— The Battle for Kentucky October 8, 1862 —
About 4 PM on October 8, Colonel Samuel Powell was ordered to move his brigade westward and discover how many Federal troops were stationed west of Perryville. His 1,000-man force dutifully advanced along the Springfield Pike (today US 150 and 4th Street), and ran headlong into the 22,000 men of Acting Major General Charles C. Gilbert's III Corps. Gilbert's command, idle for most of the day, reacted to this probe with fury and soon sent Powell's men scurrying back info Perryville with Federal troops in hot pursuit.
The pursuing Federals belonged to Colonel William P. Carlin's brigade of Brigadier General Robert B. Mitchell's 9th Division. Carlin was an experienced and aggressive officer, and pushed his command forward with vigor. The Confederates realized that the safest course was to retire across the Chaplin River and Brigadier General Preston Smith's brigade, the last Confederate reserve, hurried forward to cover Powell's withdrawal.

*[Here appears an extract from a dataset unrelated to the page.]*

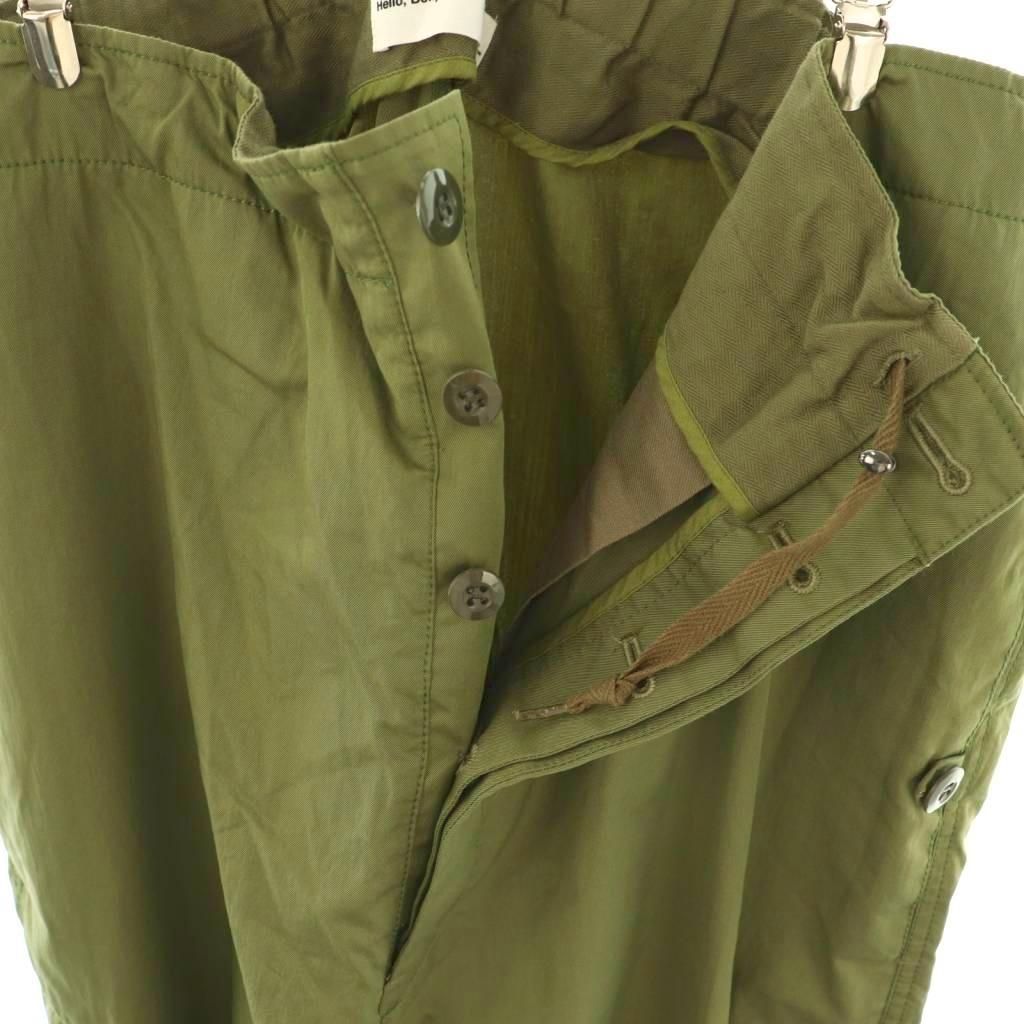 サスペンダー付き 36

Carlin placed 4 cannon of the 2nd Minnesota Battery on a ridge overlooking town (at the site of present-day Perryville Elementary School). The Federal guns shelled the Confederate troops as they tried to cross the river via the covered Second Street Bridge (site of today's modern highway bridge) or the causeway at Third Street (site of today's pedestrian bridge). Confederate batteries on the heights east of town began shelling the Federal guns, and artillery rained all over Perryville. Several structures suffered severe damage in the crossfire, and some buildings near the two bridges (including right where you are standing) caught fire.
The Federal infantry then moved into town, led by the 21st Illinois. Carlin's men secured the western part of Perryville, while the Confederates retired eastward. A private in the 1st Arkansas recalled the Federals making "a terrible assault from behind the houses."

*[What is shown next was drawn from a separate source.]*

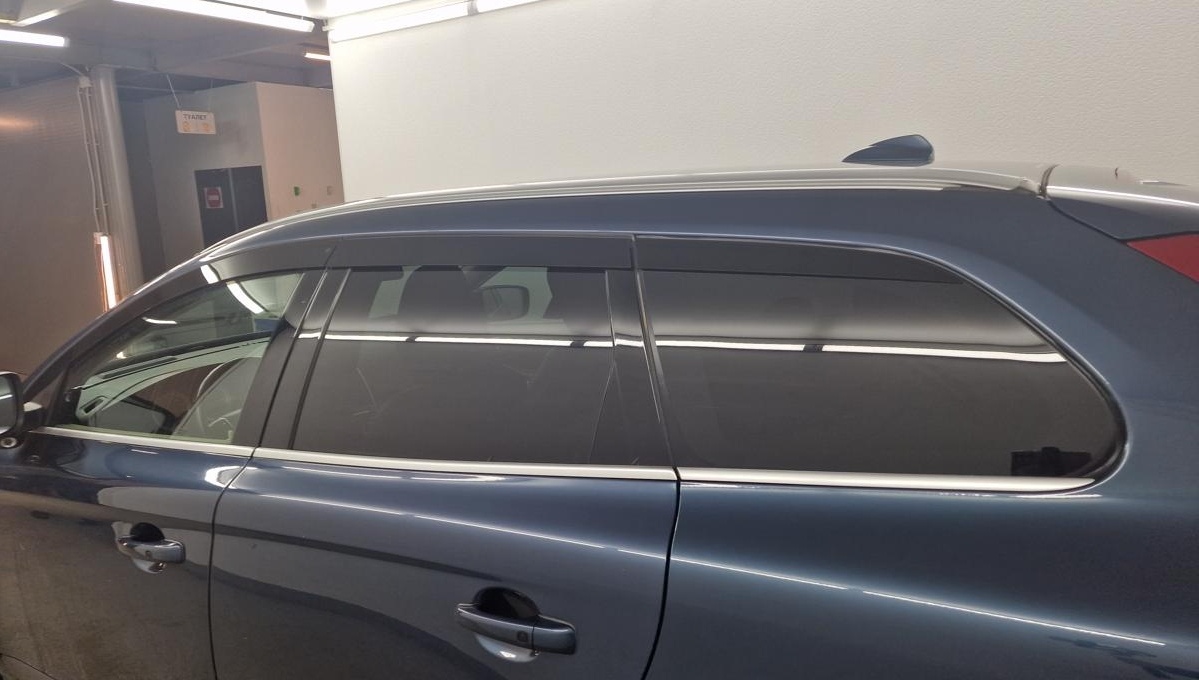 Дефлекторы окон 2D 6 шт для Volvo XC60 I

Mitchell sensed a great opportunity and wanted to occupy Perryville with more troops, but Gilbert intervened and directed the 9th Division to hold back. The Federal high command still believed that Bragg had more men on the field, and Gilbert feared a trap. The opportunity passed, and Carlin pulled most of his forces back to Perryville's western outskirts. Firing continued into the night; in the darkness, 15 Confederate ammunition wagons and 68 men were captured.
This action ended the Battle of Perryville.

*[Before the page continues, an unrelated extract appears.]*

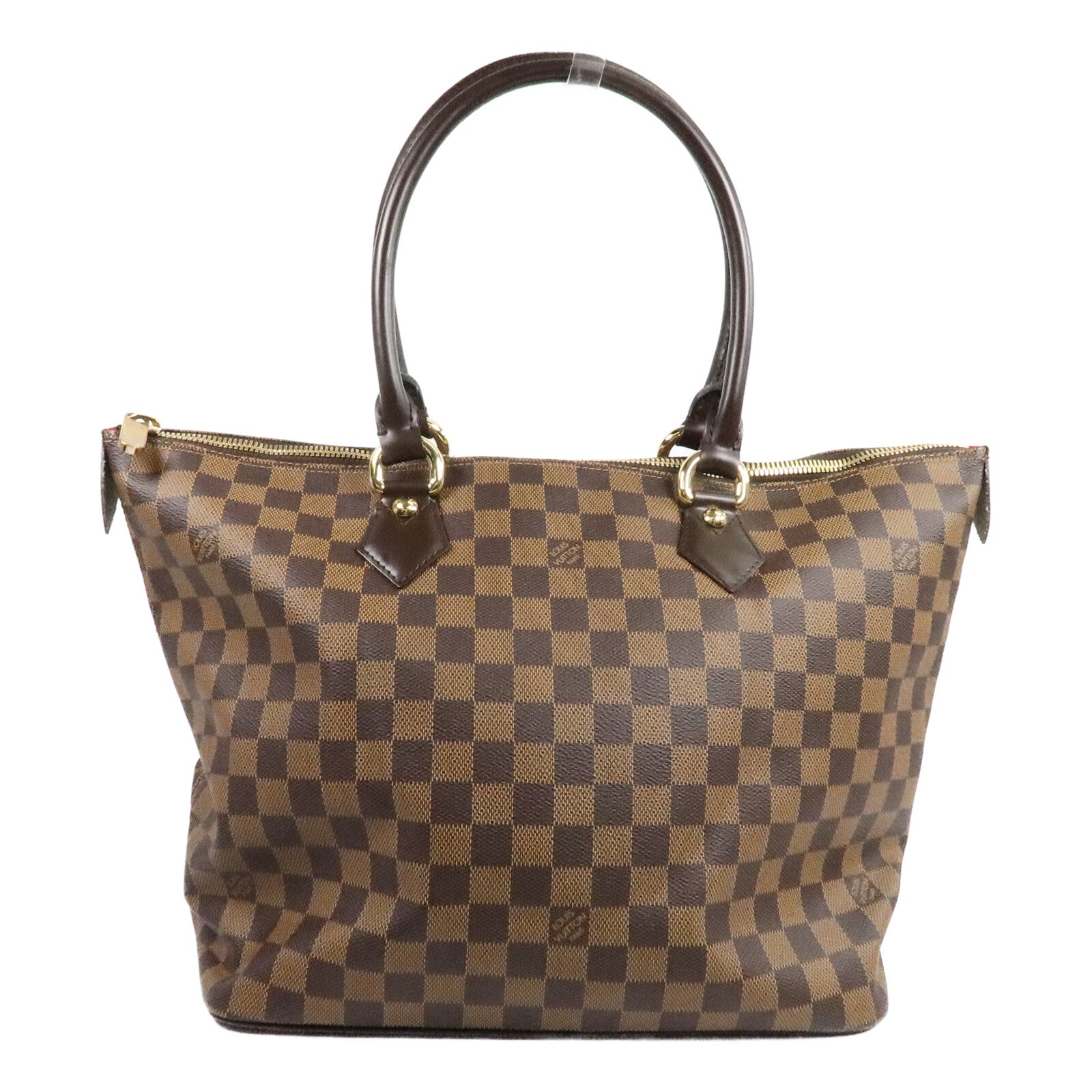 LOUIS VUITTON Damier Saleya MM肩背袋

"Advance and if you meet the enemy, overpower him."
Colonel William P. Carlin to Colonel Hans C. Heg, 15th Wisconsin Infantry
"The Yankees planted a battery and turned it on the town?when we got to the street [Second Street] the Yankees got our range?the shells came thick and went through many of the houses. We stayed there a few minutes, then they called us to order. We went in double quick time down the street. We got out of town."